Exercise details: Return the listing below exactly as it stands. Pictures stay out.

Dataset content:
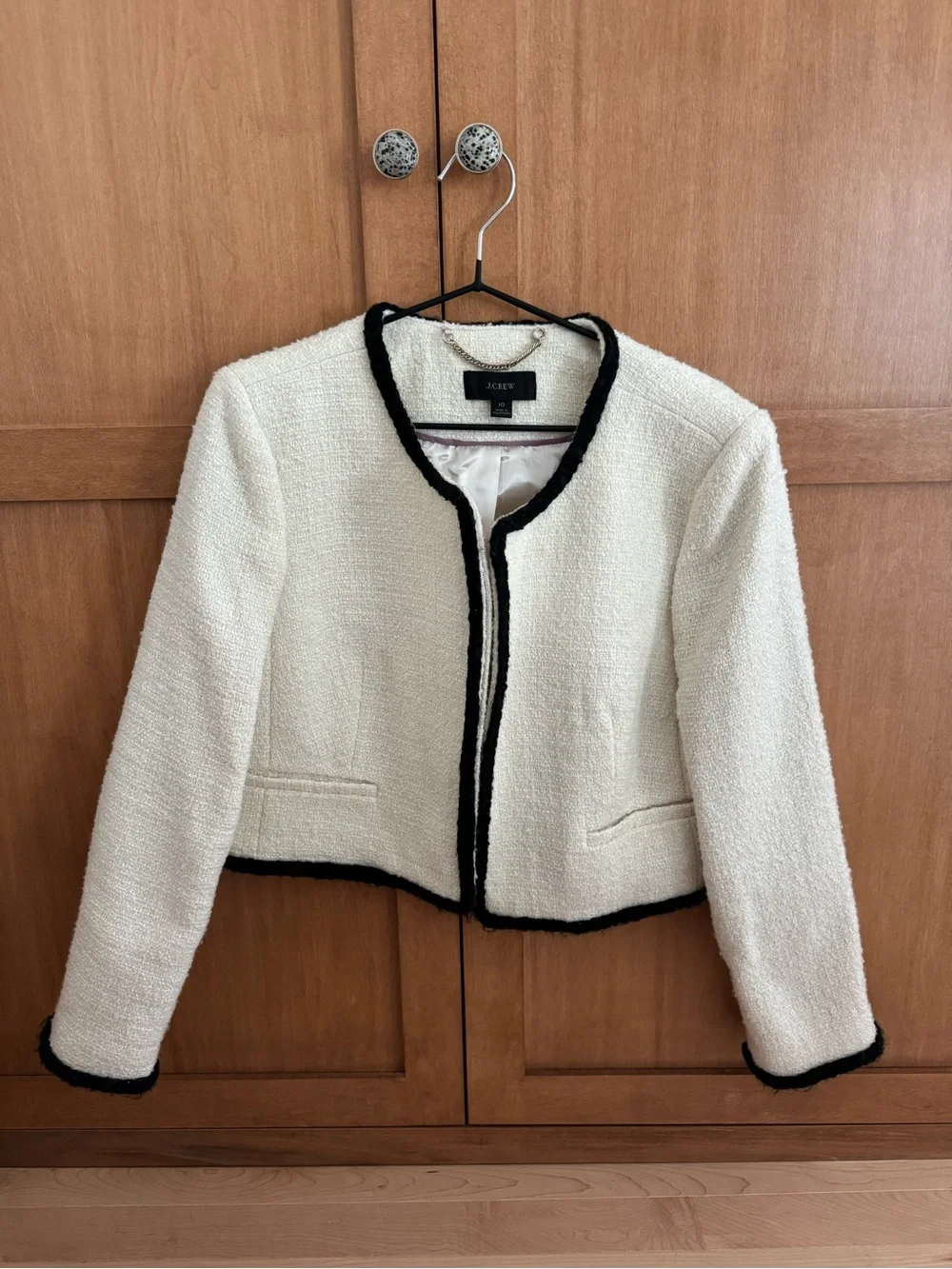 J.Crew Louisa Lady Jacket in Ivory Maritime Tweed — Size 10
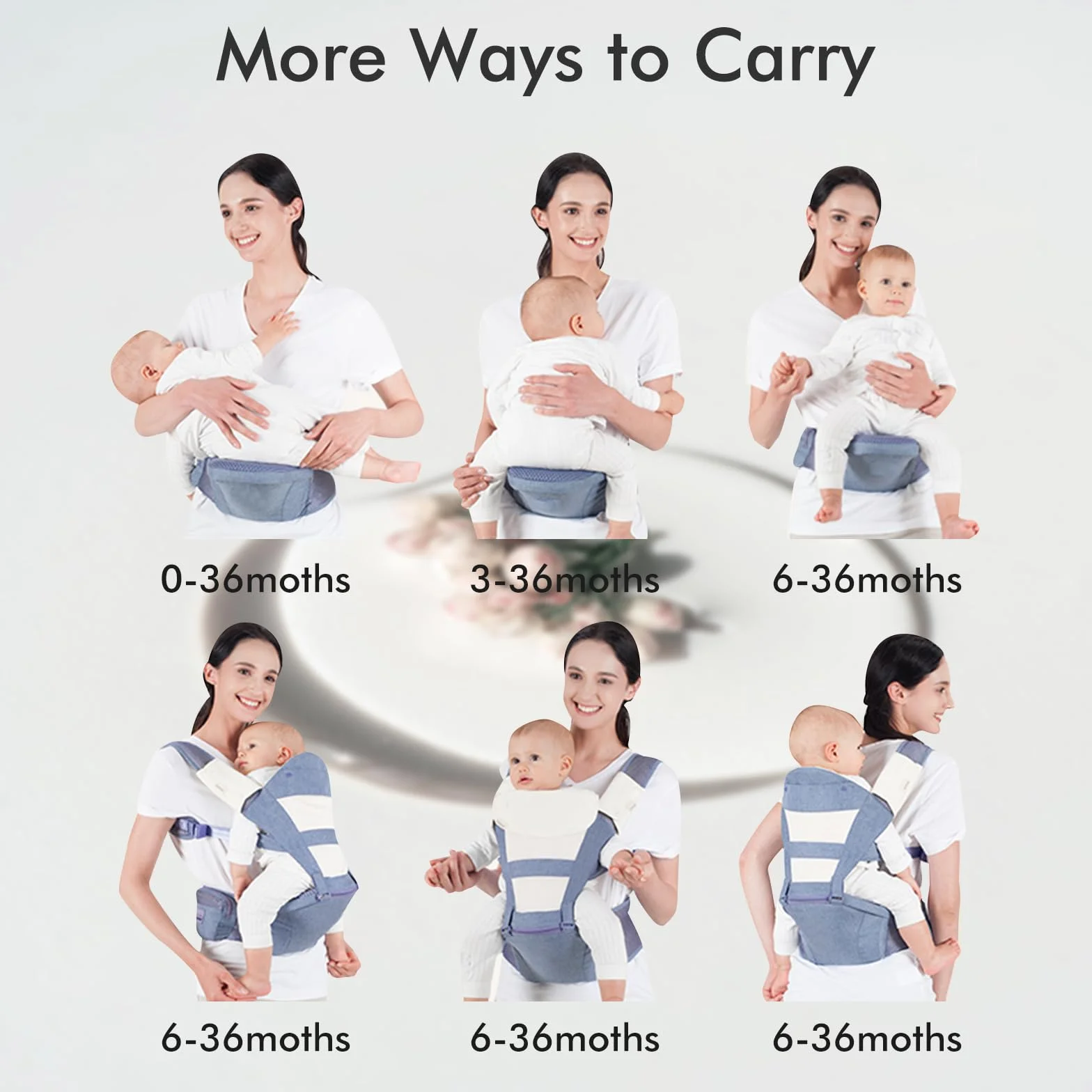 Bellababy Nosidełko dla niemowląt, all-in-one nosidełko dla noworodków od urodzenia, niemowląt i małych dzieci (0-36 miesięcy), regulowane siedzisko, torba do przenoszenia, 3 pozycje noszenia (kolor szary)
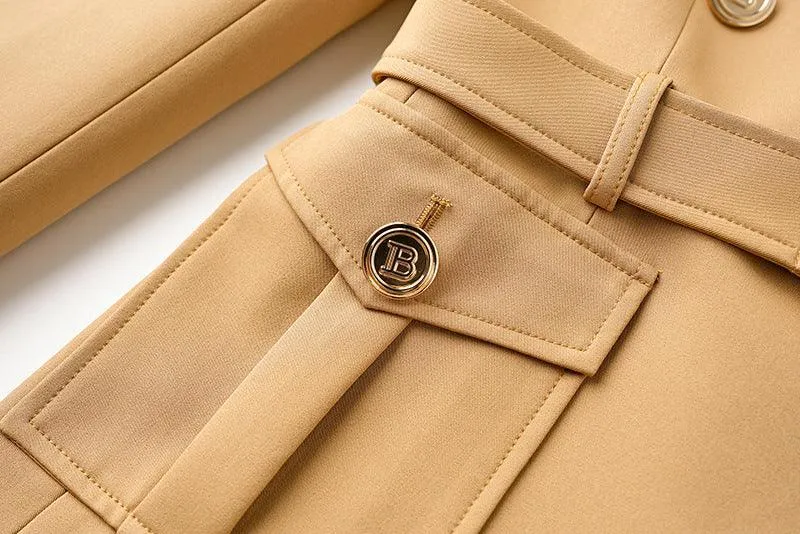 Ladies Solid Color Double Breasted Belted Blazer 0802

Exercise solution:
 J.Crew Louisa Lady Jacket in Ivory Maritime Tweed — Size 10
 Bellababy Nosidełko dla niemowląt, all-in-one nosidełko dla noworodków od urodzenia, niemowląt i małych dzieci (0-36 miesięcy), regulowane siedzisko, torba do przenoszenia, 3 pozycje noszenia (kolor szary)
 Ladies Solid Color Double Breasted Belted Blazer 0802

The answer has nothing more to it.